Robin Campbell

Personal information
- Born: January 25, 1959 (age 67) Washington, D.C., United States

Sport
- Sport: Track and field

Medal record
Representing United States
Summer Universiade
| Silver medal – second place | 1981 Bucharest | 4x400m relay |
| Silver medal – second place | 1983 Edmonton | 800m |

= Robin Campbell (runner) =

American middle-distance runner (born 1959)

Robin Theresa Campbell-Bennett (born January 25, 1959) was a U.S. Olympian at 800 meters in 1980 and 1984. She competed in every Olympic Trials between 1972 and 1984.

== Early life and education ==
She was born in Washington D.C. She attended Santa Fe College in Gainesville, Florida; University of Florida, Gainesville; and San Jose State College in San Jose, California, where she graduated with a Bachelor of Arts in liberal studies and a minor in women's studies.

== Athletic career ==
At the Olympic Trials in 1972, at age 13, she won the Exhibition Races for girls U-14 at both 200 meters and 1500 meters. Her times were fast enough to make the U.S. Olympic team, but she was too young to qualify.

Campbell won USA Indoor Track and Field Championships at 400 meters in 1975 and 1500 meters in 1974. She finished second at eight consecutive U.S. Indoor Championships at 800 meters.

On April 25–27, 1975, at the Mt. SAC Relays in California, she won both the 400 meters in 53.5 and the 800 meters in 2:11.6.

At the 1980 Liberty Bell Classic, she won the silver medal at 800 meters, running 2:02.53, finishing between Yvonne Mondesire of Canada 2:02.34 and Ann Mackie-Morelli of Canada 2:02.63.

Her best 800 meter time of 1:59.00 came while winning the USA Outdoor Track and Field Championships.

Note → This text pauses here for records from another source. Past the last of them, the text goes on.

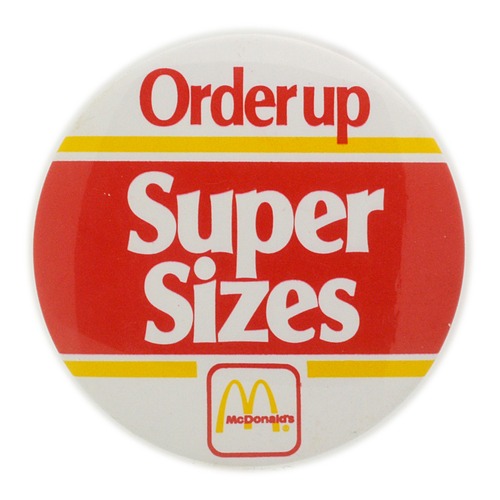 マクドナルド 缶バッジ  ORDER UP SUPER SIZES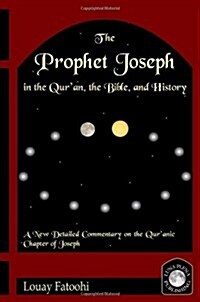 The Prophet Joseph in the Quran, the Bible, and History (Paperback)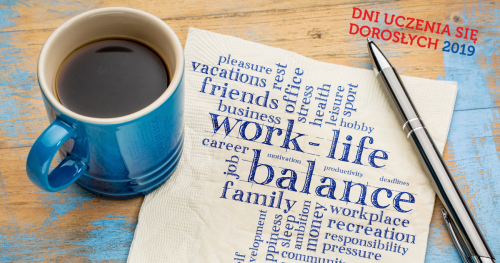 Jak odnaleźć równowagę w życiu? Warsztaty WORK LIFE BALANCE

At the 1983 World Championships in Athletics in Helsinki, Finland later that year, she finished fifth.

At the 1984 Summer Olympics in Los Angeles, she finished 10th in the 800 meters race with a time of 2:01.72.

== Personal life ==
She resides in Washington DC, where she heads Fifth Man Track Club.

She served on the Drug Testing Committee, Cultural Exchange Committee, and Youth Sports Committee of USA Track & Field. She is active in the Olympic Alumni Association, Women's Sports Foundation, Stop the Silence: Stop Childhood Sexual Abuse, Fifth Man Track Club, and Potomac Valley Track Club.